The U.S. Supreme Court, on June 18, issued an opinion potentially making it easier for Atkins claims to be heard and won.

The Court held that a Louisiana court had unreasonably determined the facts in finding that a death-sentenced inmate had not made a sufficient showing that he was intellectually disabled to warrant an evidentiary hearing on his Atkins claim.  The Court held that the inmate was entitled to have his claim considered on the merits in federal habeas.

The case is Brumfield v. Cain.

Facts

Kevan Brumfield was sentenced to death for a 1993 murder.  At the time of his trial, Supreme Court precedent allowed a death sentence for intellectually disabled persons.

In 2002, the Supreme Court held in Atkins that execution of intellectually disabled persons violates the Eighth Amendment.

Subsequently, Brumfield sought to raise an Atkins claim in Louisiana state court.  Pursuant to Louisiana law applying Atkins, he alleged that there were objective factors that would put the issue of his mental retardation at issue.

Specifically, Brumfield alleged that three witnesses from the sentencing portion of his trial – his mother, a social worker, and a neuropsychologist – and another examining doctor, would testify that he had an IQ of 75, a fourth-grade reading level, had been in special education, had a learning disability, and had been treated at a number of psychiatric hospitals as a child.

The Louisiana courts dismissed Brumfield’s claim without an evidentiary hearing.  The courts found that Brumfield had a 75 IQ and that his evidence did not show any impairment in adaptive skills.

Brumfield then filed a petition for federal habeas corpus.

The district court held that the state ruling was “contrary to, or involved an unreasonable application of, clearly established federal law, as determined by the Supreme Court,”  28 U.S.C. Sec. 2254(d)(1), and was “based on an unreasonable determination of the facts in light of the evidence presented in the State court proceeding,” Sec. 2254(d)(2).

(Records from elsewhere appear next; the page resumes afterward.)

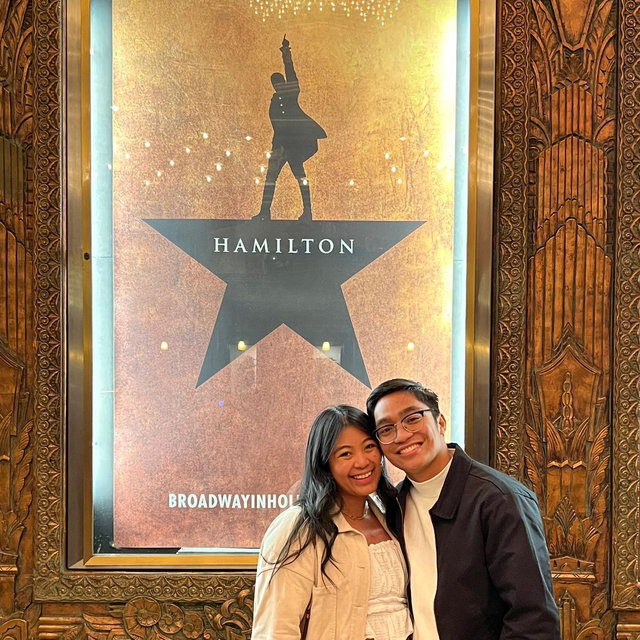 Broadway Tickets For Two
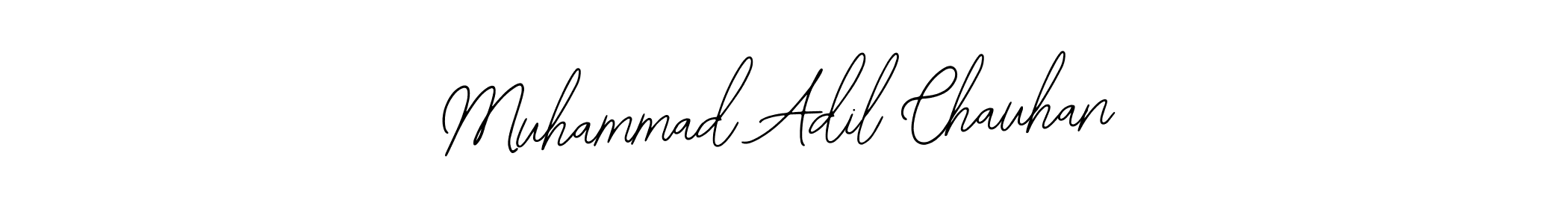 How to Draw Muhammad Adil Chauhan signature style? Bearetta-2O07w is a latest design signature styles for name Muhammad Adil Chauhan. Muhammad Adil Chauhan signature style 12 images and pictures png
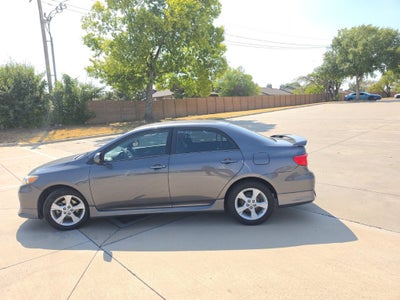 2013 Toyota Corolla S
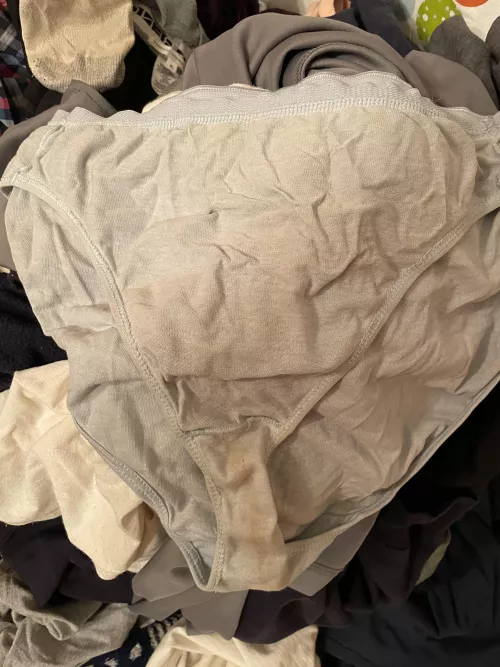 Wife’s panties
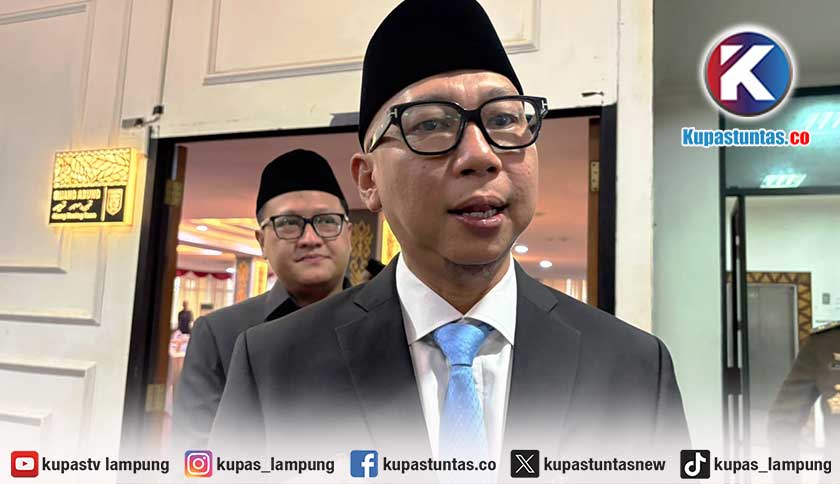Kemantapan Jalan Provinsi Capai 86 Persen, Gubernur: Perbaikan Terus Dikebut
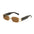 Men's Retro Cross Sunglasses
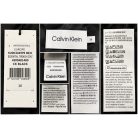 Calvin Klein Női Fekete Trench Kabát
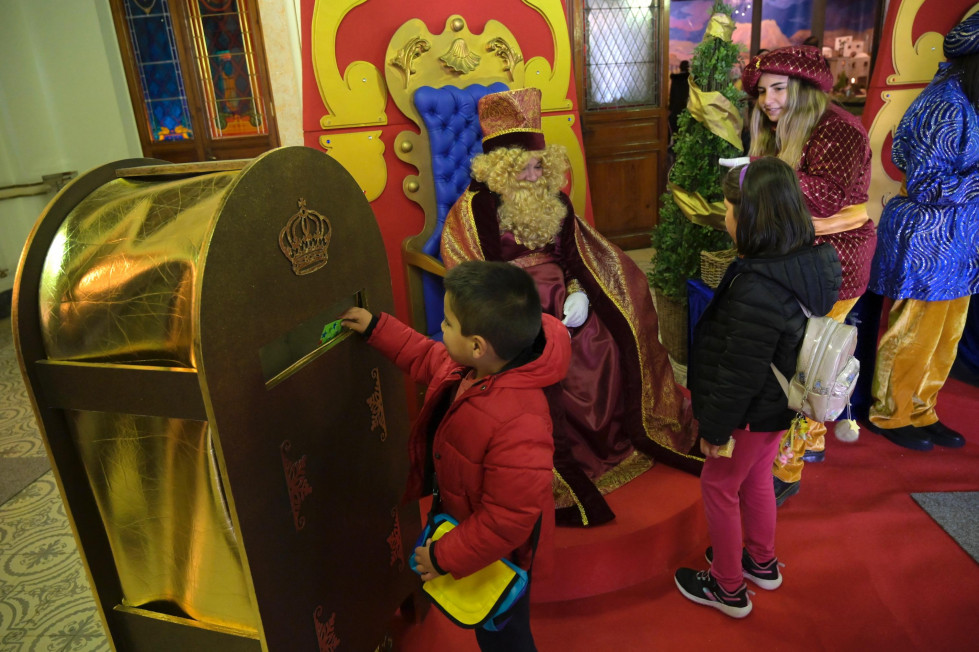 Visita de los Reyes a María Pita @Javier Alborés (6)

The district court granted an evidentiary hearing, and found that Brumfield was ineligible for execution because he was intellectually disabled under Atkins.
The Fifth Circuit reversed.  It held that that the state ruling was not an unreasonable application or clearly established federal law, nor an unreasonable determination of the facts.

Holding

In a 5-4 opinion, the Supreme Court reversed the Fifth Circuit, but unlike the district court, decided the case under Sec. 2254(d)(2) only.

The Court held the Louisiana courts’ denial of Brumfield’s claim without an evidentiary hearing was an “unreasonable determination of the facts” within the meaning of 2254(d)(2).

In reaching its decision, the Court assumed that the Louisiana courts applied the correct legal standard, and also that Louisiana law was consistent with Atkins. 
The Court held, however, that the Louisiana courts had unreasonably determined the facts in its two premises “that Brumfield’s IQ score was inconsistent with a diagnosis of intellectual disability and that he had presented no evidence of adaptive impairment.”

In Hall v. Florida (2014), the Court held that it was unconstitutional to foreclose all further exploration of intellectual disability simply because a capital defendant has an IQ above 70. 

Accounting for a margin of error in IQ testing, Brumfield’s IQ of 75 “was squarely in the range of potential intellectual disability,” the Court said.  “To conclude, as the state trial court did, that Brumfield’s reported IQ score of 75 somehow demonstrated that he could not possess subaverage intelligence therefore reflected an unreasonable determination of the facts.”

The Court also held that Brumfield had demonstrated objective factors that would show impairment in adaptive skills.  His witnesses would show that he was at risk of neuropsychological trauma from birth, had a learning disability, had been in special education, read at only a fourth-grade level, had difficulty processing information, and had been at mental health facilities. 

The Court held Brumfield had “cleared AEDPA’s procedural hurdles” by showing that the Louisiana courts had unreasonably determined the facts of his Atkins claim.  Brumfield was, thus, entitled to a hearing on his claim in federal court.

The five vote majority of Sotomayor, Kennedy, Ginsburg, Breyer and Kagan is the same majority as in last Term’s Hall case.  These Justices seem inclined to view future Atkins claims favorably.  If the members of the Court change, however, Atkins’ future could be in doubt.